__What is expected__. Copy the listing exactly, leaving out every picture.

__Data extract__.
------------------------------
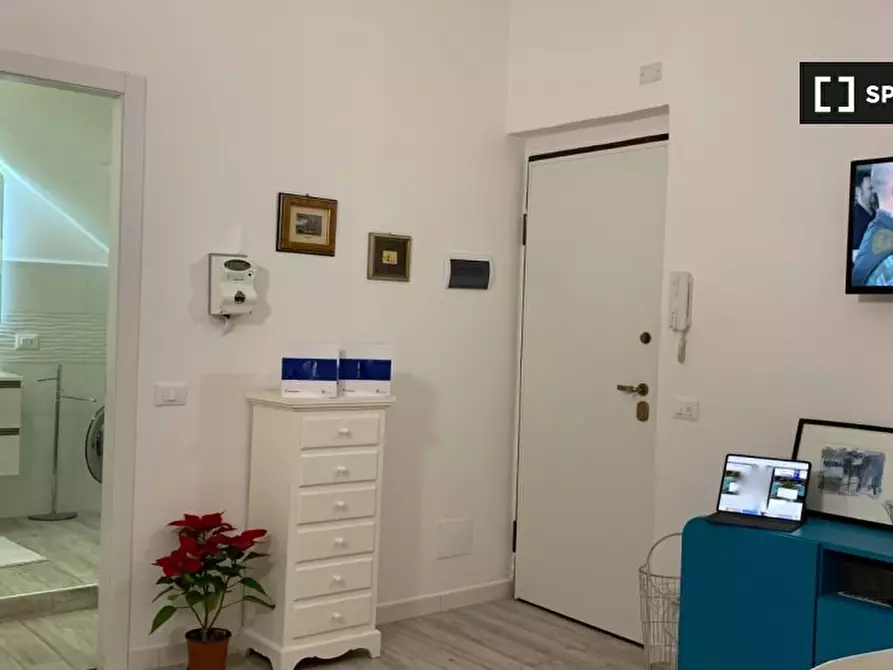 Immagine 3 di Ufficio in affitto  in Via S. Luca a Genova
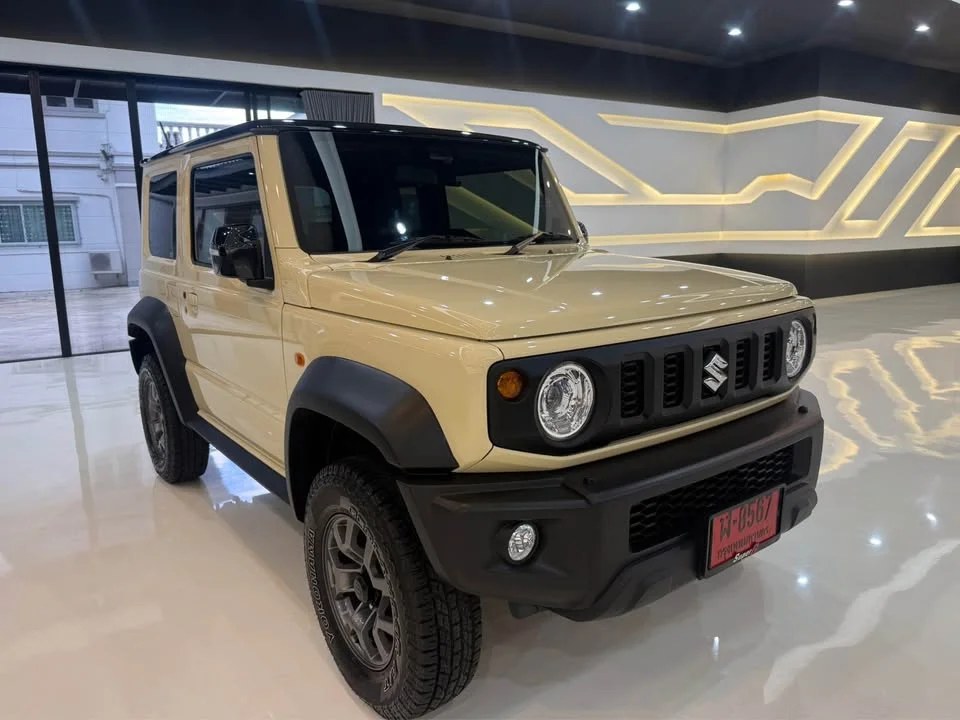 2023 Suzuki Jimny IV 2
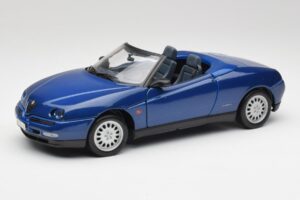 Alfa Romeo Spider 916 Periwinkle Sininen Maisto 1:18 50308 Metalli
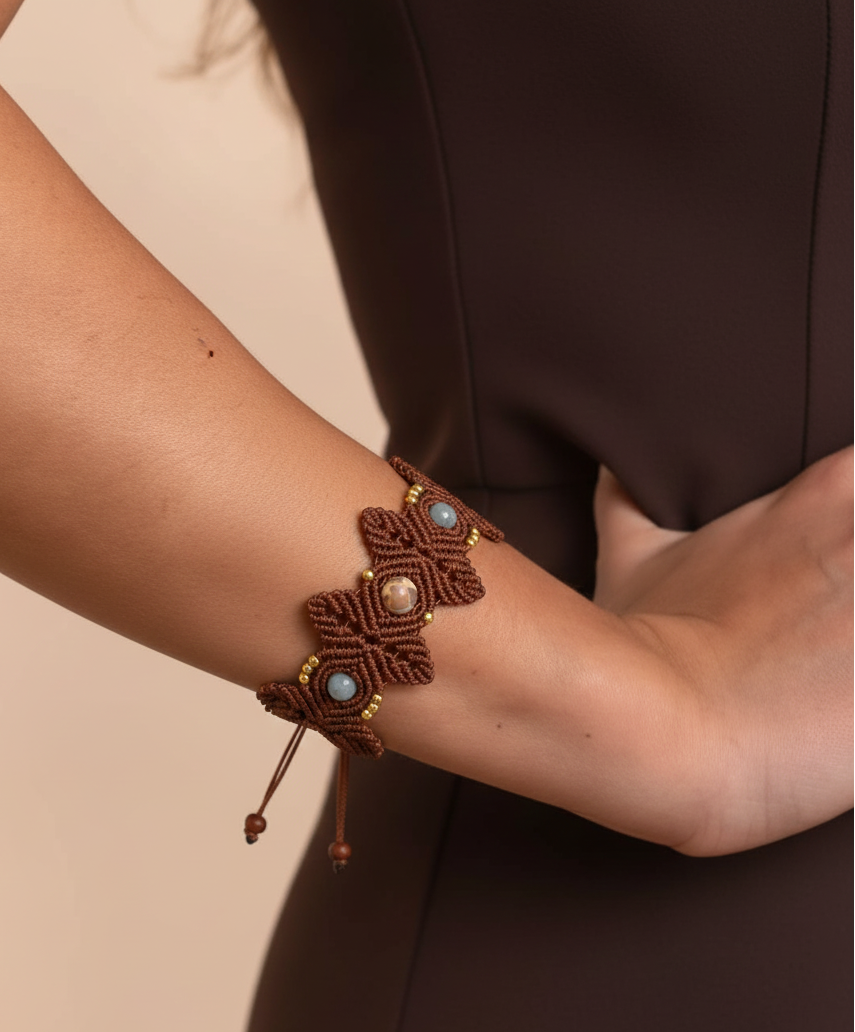 Brazalete de macramé hecho a mano con piedras naturales y colores tendencia, joyería artesanal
------------------------------
__Your solution__.
 Immagine 3 di Ufficio in affitto  in Via S. Luca a Genova
 2023 Suzuki Jimny IV 2
 Alfa Romeo Spider 916 Periwinkle Sininen Maisto 1:18 50308 Metalli
 Brazalete de macramé hecho a mano con piedras naturales y colores tendencia, joyería artesanal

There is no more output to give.